If you did not use AI tools, write: “No AI assistance used.”
Review questions (quiz / reflection)¶
When is an API better than downloading a CSV?
What must be included in a Data Source Note for reproducibility?
What is one limitation of cross-country comparisons using public datasets?
What is one bias risk when using news data as evidence?
Mini-lab (Google Colab)¶
In-class checkpoints (complete in the Colab notebook)¶
Choose ONE data source track in the notebook (OWID / WDI / yfinance / News-GDELT), then complete:
Load a dataset into a DataFrame.
Apply a reasonable filter (e.g., 3–5 countries + time range, ticker + time range, or query + number of articles).
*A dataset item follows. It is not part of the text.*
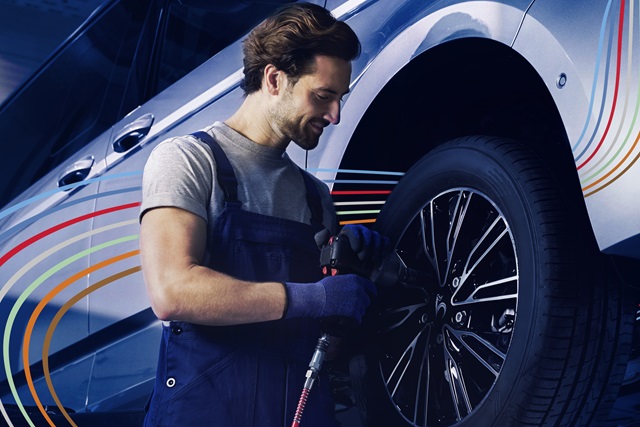 Mann in blauer Arbeitskleidung montiert mit einem Werkzeug einen Reifen an einem Auto.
Produce one plot and one summary table.
Write a Data Source Note and one limitation.
Reflection prompt (submit via LMS)¶
After completing the mini-lab in the Colab notebook, submit brief answers in the link below to the following:
Which data source track did you choose (OWID / WDI / yfinance / News-GDELT) and why?
What exactly did you analyze?
OWID/WDI: dataset/indicator name (and code/slug if applicable), countries, time range
yfinance: ticker(s), time range
News-GDELT: query term(s), number of articles, time sorting/filters
What is the main pattern shown in your plot (1–2 sentences)?
What is one limitation of the dataset or your comparison (missingness, definitions, coverage, comparability, API bias, etc.)?
Paste your Data Source Note (source, access method, date accessed, variables used, filters applied, limitation).